FOIBLESSE DE L'HOMME; INCERTITUDE DE SES CONNOISSANCES

NATURELLES.

I.

Ce qui m'étonne le plus est de voir que tout le monde n'est pas étonné de sa foiblesse. On agit sérieusement, et chacun suit sa condition, non pas parcequ'il est bon, en effet, de la suivre, puisque la mode en est; mais comme si chacun savoit certainement où est la raison et la justice. On se trouve déçu à toute heure, et, par une plaisante humilité, on croit que c'est sa faute, et non pas celle de l'art, qu'on se vante toujours d'avoir. Il est bon qu'il y ait beaucoup de ces gens-là au monde, afin de montrer que l'homme est bien capable des plus extravagantes opinions, puisqu'il est capable de croire qu'il n'est pas dans cette foiblesse naturelle et inévitable, et qu'il est, au contraire, dans la sagesse naturelle.

II.

La foiblesse de la raison de l'homme paroît bien davantage en ceux qui ne la connoissent pas qu'en ceux qui la connoissent. Si on est trop jeune, on ne juge pas bien. Si on est trop vieux, de même. Si on n'y songe pas assez, si on y songe trop, on s'entête, et l'on ne peut trouver la vérité. Si l'on considère son ouvrage incontinent après l'avoir fait, on en est encore tout prévenu : si trop long-temps après, on n'y entre plus. Il n'y a qu'un point indivisible qui soit le véritable lieu de voir les tableaux : les autres sont trop près, trop loin, trop haut, trop bas. La perspective l'assigne dans l'art de la peinture : mais dans la vérité et dans la morale, qui l'assignera?

III.

Cette maîtresse d'erreur que l'on appelle fantaisie et opinion est d'autant plus fourbe qu'elle ne l'est pas toujours; car elle seroit règle infaillible de la vérité si elle l'étoit infaillible du mensonge. Mais étant le plus souvent fausse, elle ne donne aucune marque de sa qualité, marquant de même caractère le vrai et le faux.
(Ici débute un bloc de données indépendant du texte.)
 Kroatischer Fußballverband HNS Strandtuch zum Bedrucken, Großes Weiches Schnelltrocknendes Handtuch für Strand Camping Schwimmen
Cette superbe puissance, ennemie de la raison, qui se plaît à la

contrôler et à la dominer, pour montrer combien elle peut en toutes choses, a établi dans l'homme une seconde nature. Elle a ses heureux et ses malheureux; ses sains, ses malades; ses riches, ses pauvres; ses fous et ses sages; et rien ne nous dépite davantage que de voir qu'elle remplit ses hôtes d'une satisfaction beaucoup plus pleine et entière que la raison, les habiles par imagination se plaisant tout autrement en eux mêmes que les prudents ne peuvent raisonnablement se plaire. Ils regardent les gens avec empire; ils disputent avec hardiesse et confiance, les autres avec crainte et défiance; et cette gaieté de visage leur donne souvent l'avantage dans l'opinion des écoutants, tant les sages imaginaires ont de faveur auprès de leurs juges de même nature! Elle ne peut rendre sages les fous; mais elle les rend contents à l'envi de la raison, qui ne peut rendre ses amis que misérables. L'une les comble de gloire, l'autre les couvre de honte.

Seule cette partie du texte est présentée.